-- DATASET RECORDS follows --

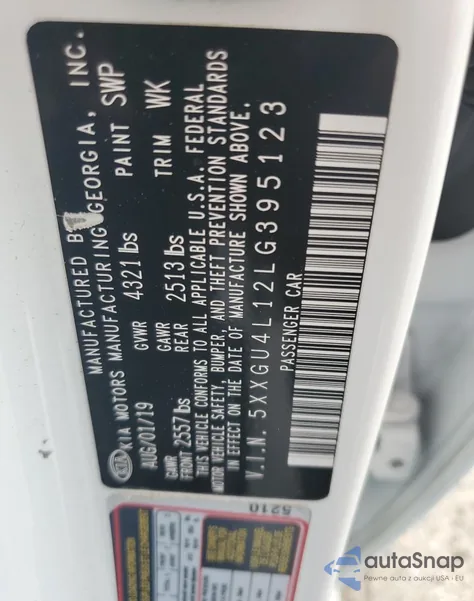 2020 Kia Optima Ex z USA, uszkodzony, nr VIN 5XXGU4L12LG395123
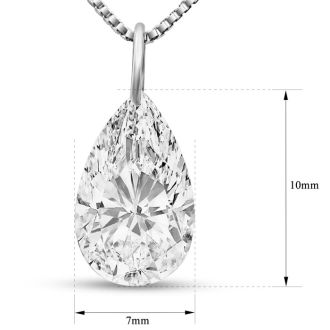 2 Carat Pear Shape Lab Grown Diamond Solitaire Necklace In 14K White Gold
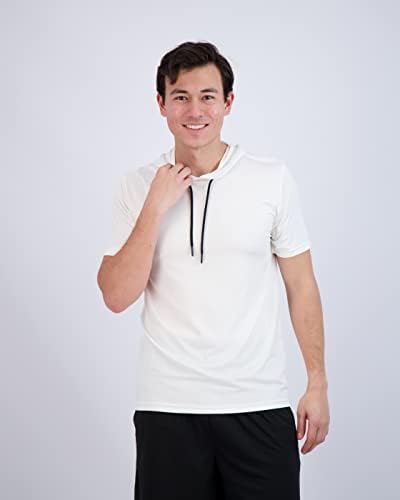 3 пакувања: Менс сув вклопување влага со кратки ракави со краток ракав Активен атлетски качулка пуловер џемпер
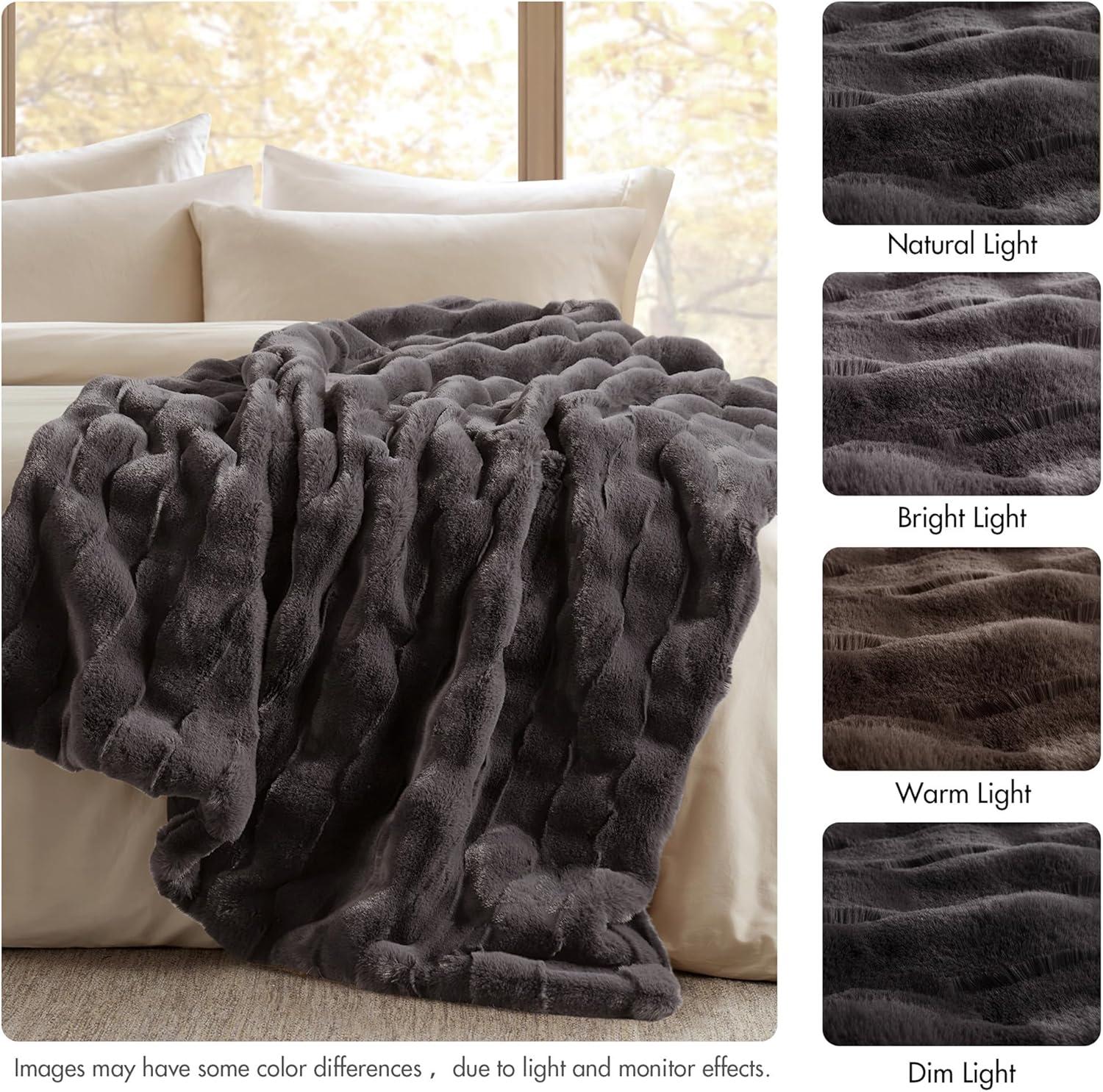 Madison Park Vivienne Faux Fur Throw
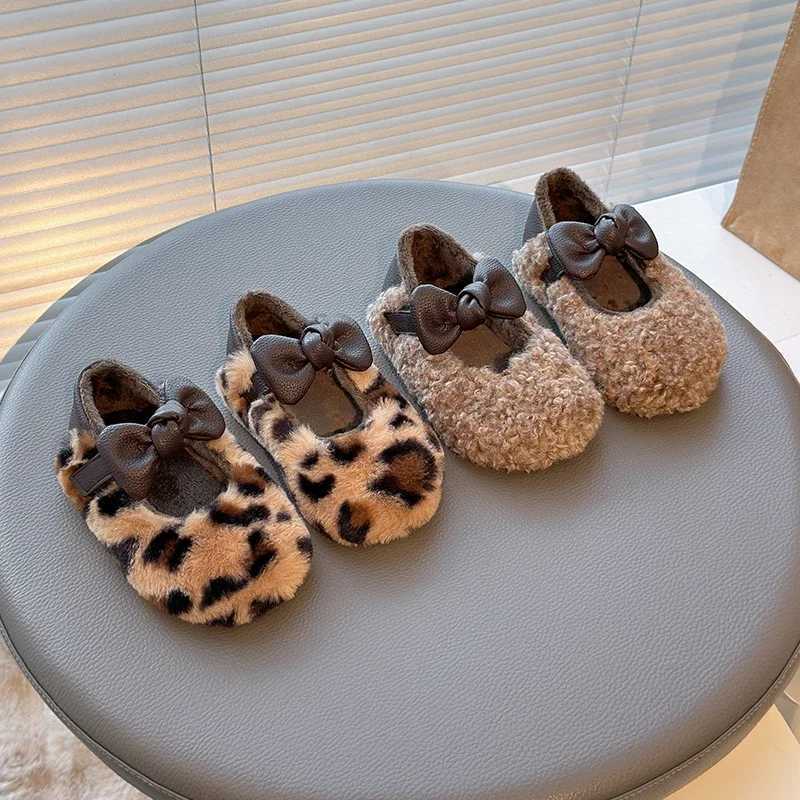 Kids Shoes Winter Toddler Girls Fashion Princess Flats Baby Children Brand Loafer Children Warm Fur outdoor Pearls Bow Soft Sole W241228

-- DATASET RECORDS concluded --

• [WHAT YOU HAVE TO DO]
Leave every picture out and copy precisely the lines from the one containing "2 Carat Pear" through the last line of the data above, both ends included.

• [EXERCISE RESPONSE]
 2 Carat Pear Shape Lab Grown Diamond Solitaire Necklace In 14K White Gold
 3 пакувања: Менс сув вклопување влага со кратки ракави со краток ракав Активен атлетски качулка пуловер џемпер
 Madison Park Vivienne Faux Fur Throw
 Kids Shoes Winter Toddler Girls Fashion Princess Flats Baby Children Brand Loafer Children Warm Fur outdoor Pearls Bow Soft Sole W241228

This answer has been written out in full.